On Thu, 12 Oct 2017 11:37:08 +0100, Steffo
wrote:

I read an interesting article that sooner or later we will not only use
driveless cars as means of transportation, but also 70% of people will
prefer to live in driveless homes http://tinyurl.com/yangl6pa rather
than buy expensive condos/houses.


Yep. If it moves, is road legal, and can be computerized, it can be
automated to drive itself. Just keep the mobile home moving so that
it never needs to find a parking space. Progress blunders onward.

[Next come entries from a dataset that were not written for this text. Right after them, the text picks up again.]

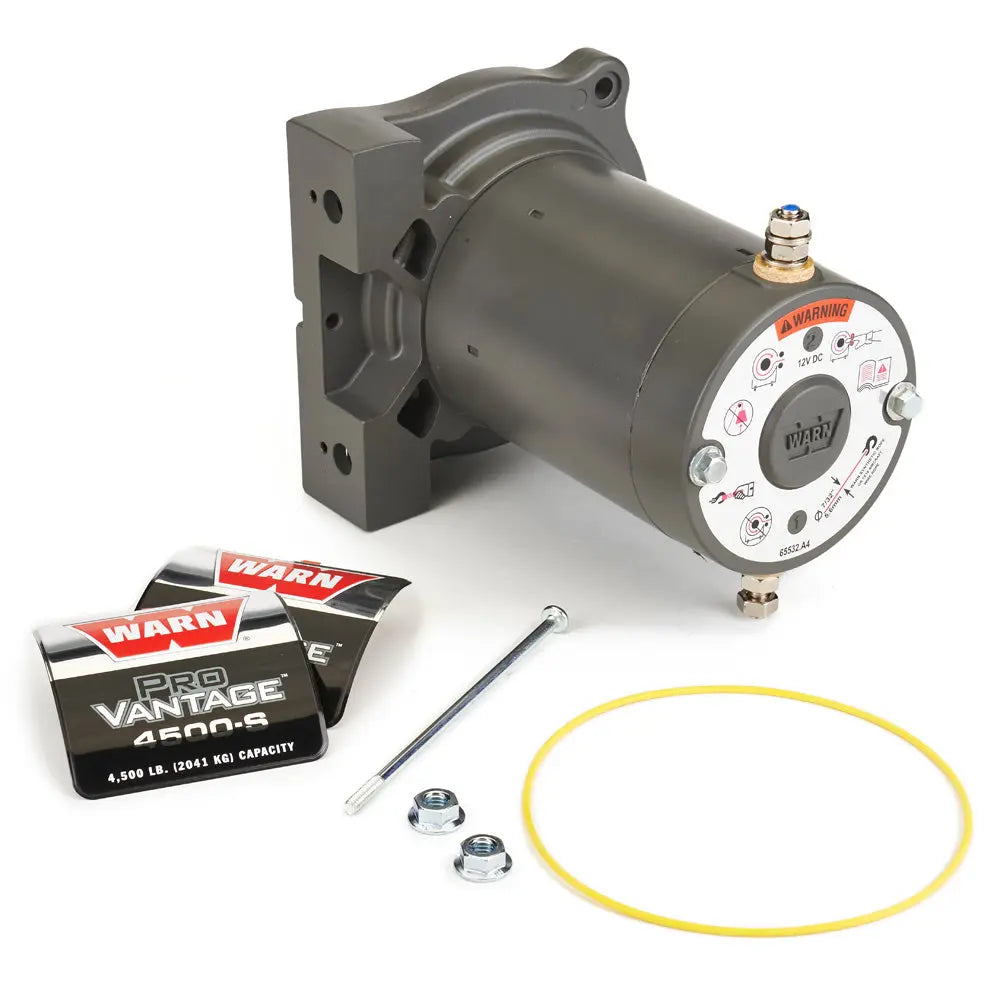WARN Industries PV4500 Motor Service Kit (Part Number 89537)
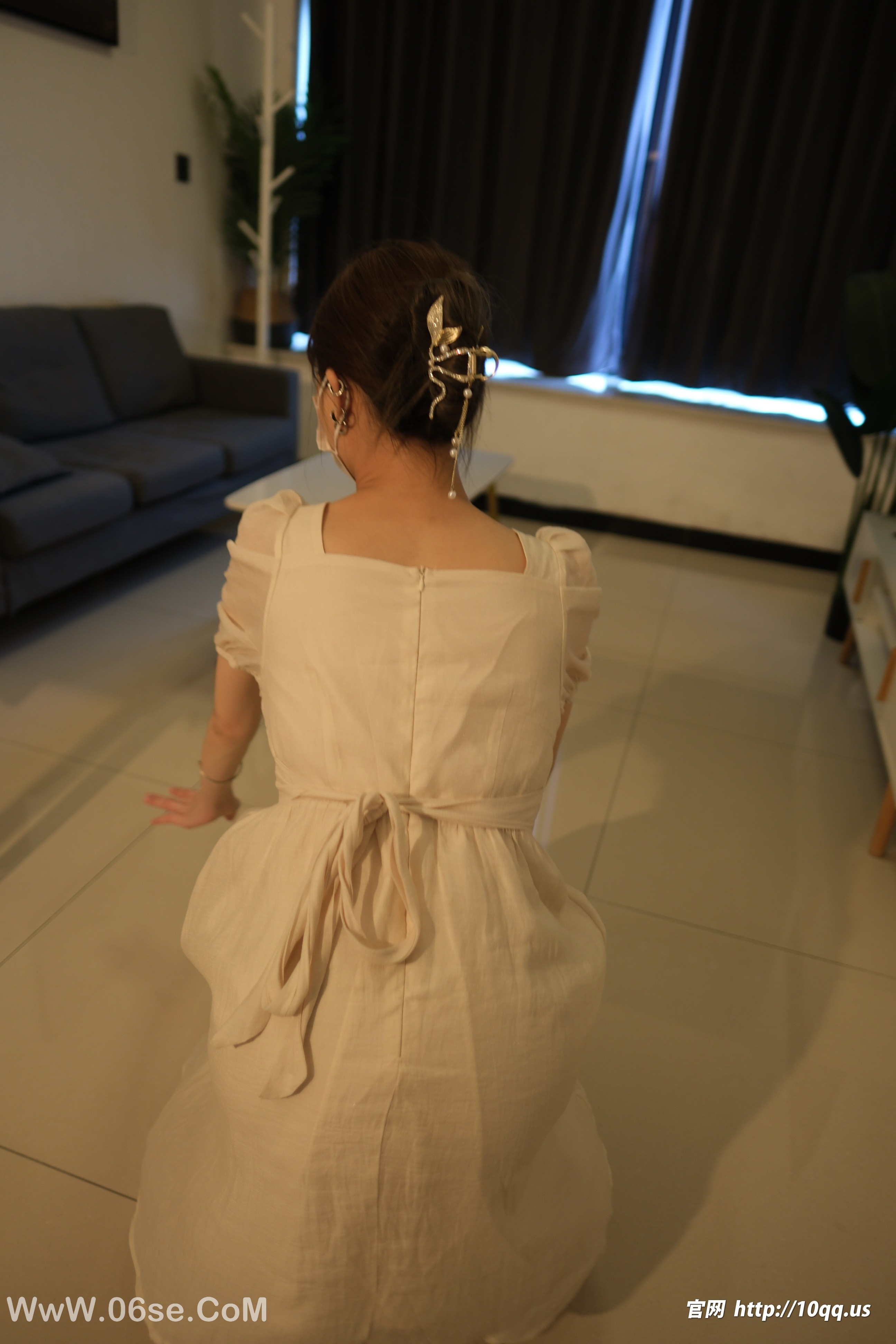 图片[14]-[ROSI写真] 口罩系列 2025.01.19 KZ.3143 [47+1P-73M]-六色网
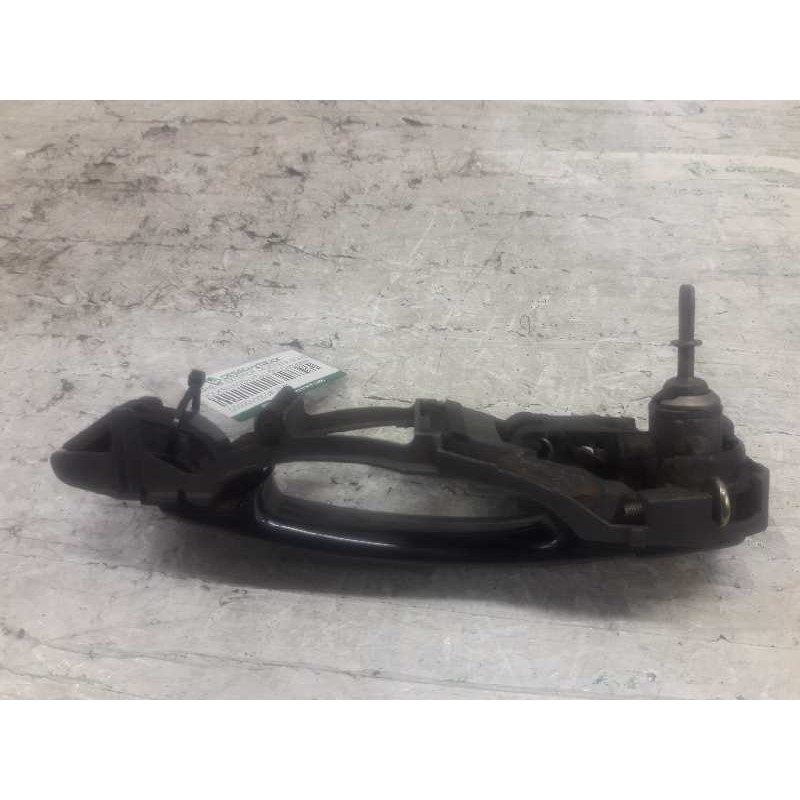 Recambio de maneta exterior delantera izquierda para volkswagen polo (9n1) conceptline referencia OEM IAM - Gris 2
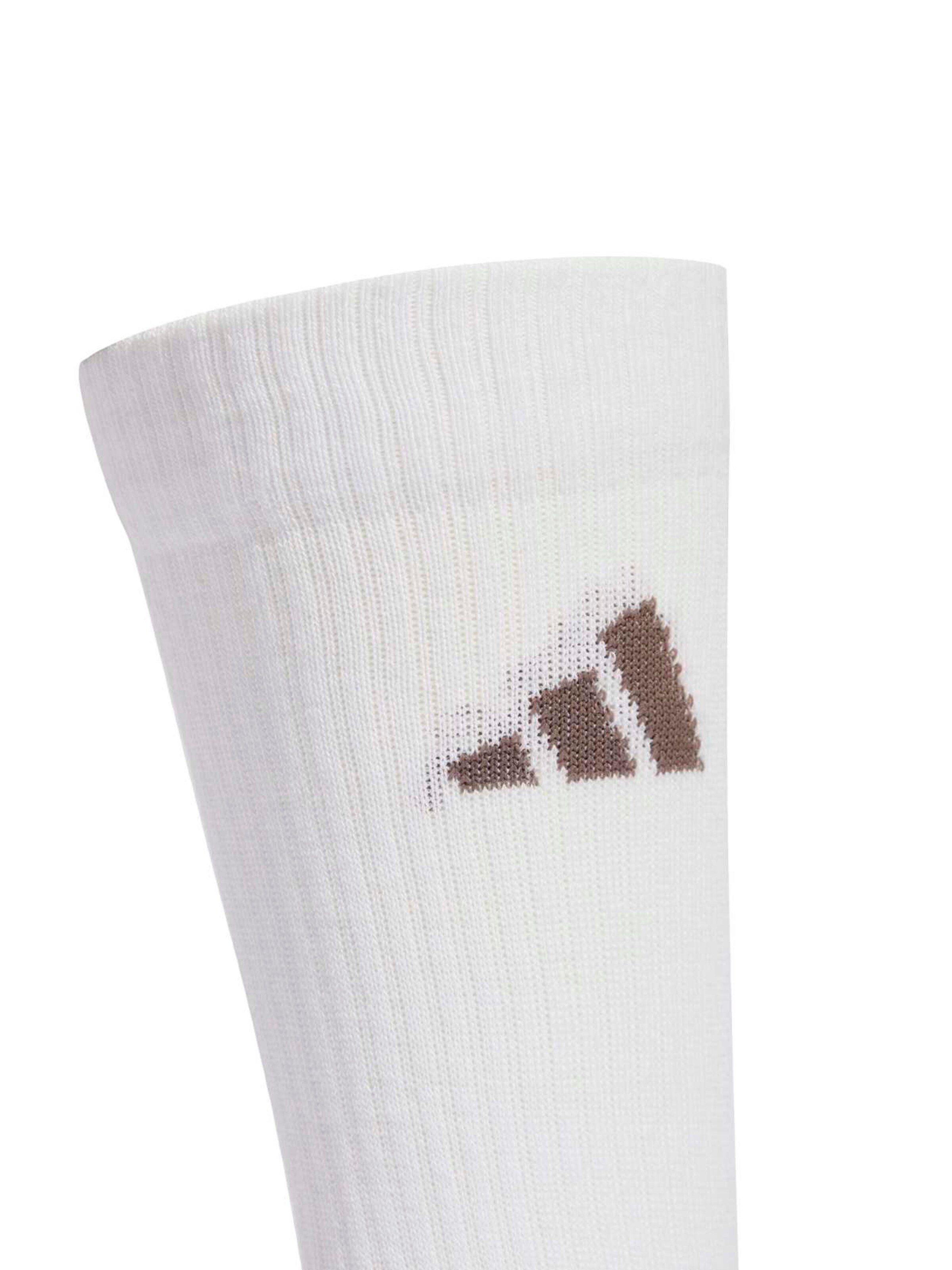 ADIDAS PERFORMANCE Αθλητικές κάλτσες σε καφέ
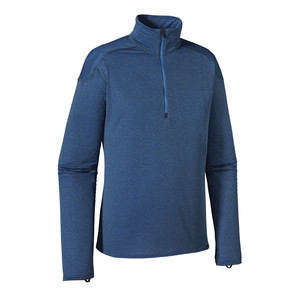 Click to Enlarge for Patagonia Capilene 4 Expedition Weight Zip-Neck Top - Men's Patagonia Capilene 4 Expedition Weight Zip-Neck Top - Men's-Image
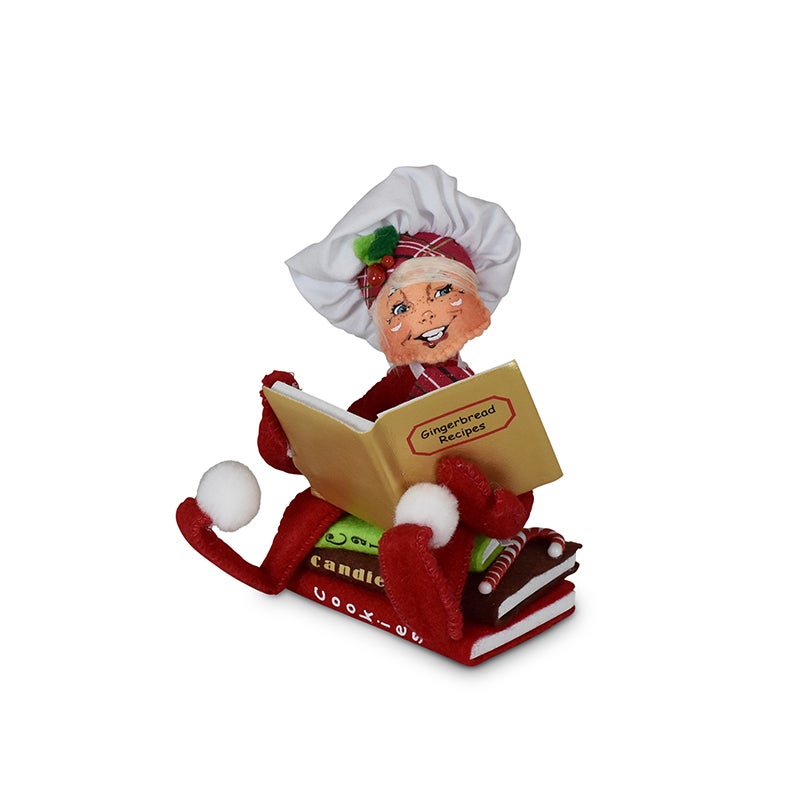 510220 5in Sugar & Spice Chef Elf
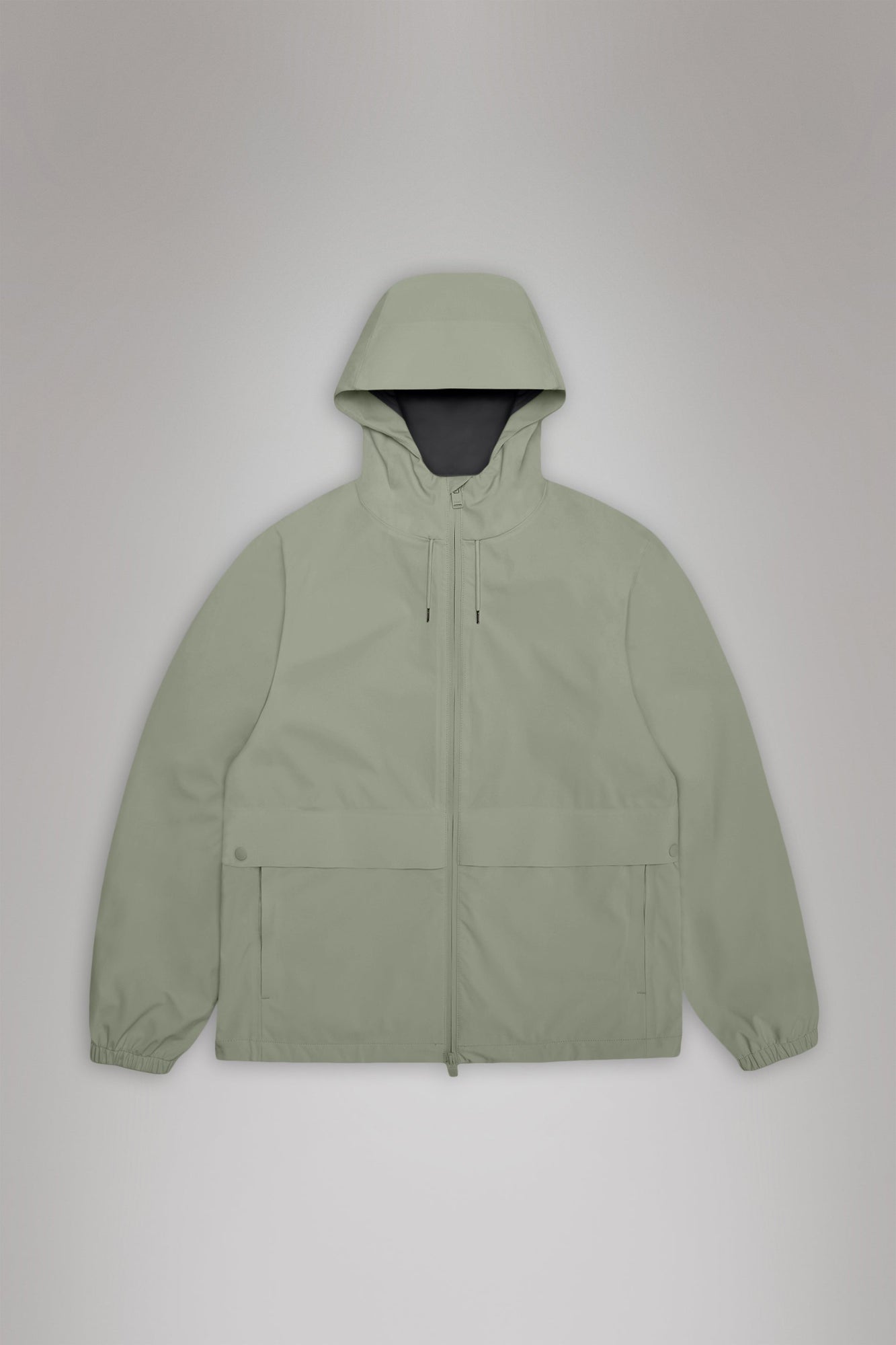 RAINS Suva Hardshell Pocket Jacket Drift Jacket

Just one problem. The road infrastructure that the US built during
the 1930's depression, and again during the cold war, is falling
apart. Roads are designed to last about 25 years and bridges about 50
years. The better built freeways, maybe also 50 years. The whole
concept of driverless cars assumes the existence and maintenance of
smooth, clean, pot hole free, and safe highways. By the time
driverless cars are perfected and the Luddites have been exterminated,
the cost of replacing and repairing the highways will probably reach
the crisis point. The car of the future might just be a 4x4 with an
articulated suspension, designed to make it's way over the rubble that
was once our freeway and highway system.


And given the (would one say "normal"?) population growth in the U.S.
the roads will be long parking lots :-)


And apart from the number of cars, the number of delivery trucks is skyrocketing because of e-commerce. https://www.citylab.com/transportati...e-boom/523671/ Truck traffic on the interstates is staggering. I don't know if it is due to the the collapse of the railroads, population increase, e-commerce or all of the above. There are way too many trucks on the highways. Cargo needs to be moved more efficiently.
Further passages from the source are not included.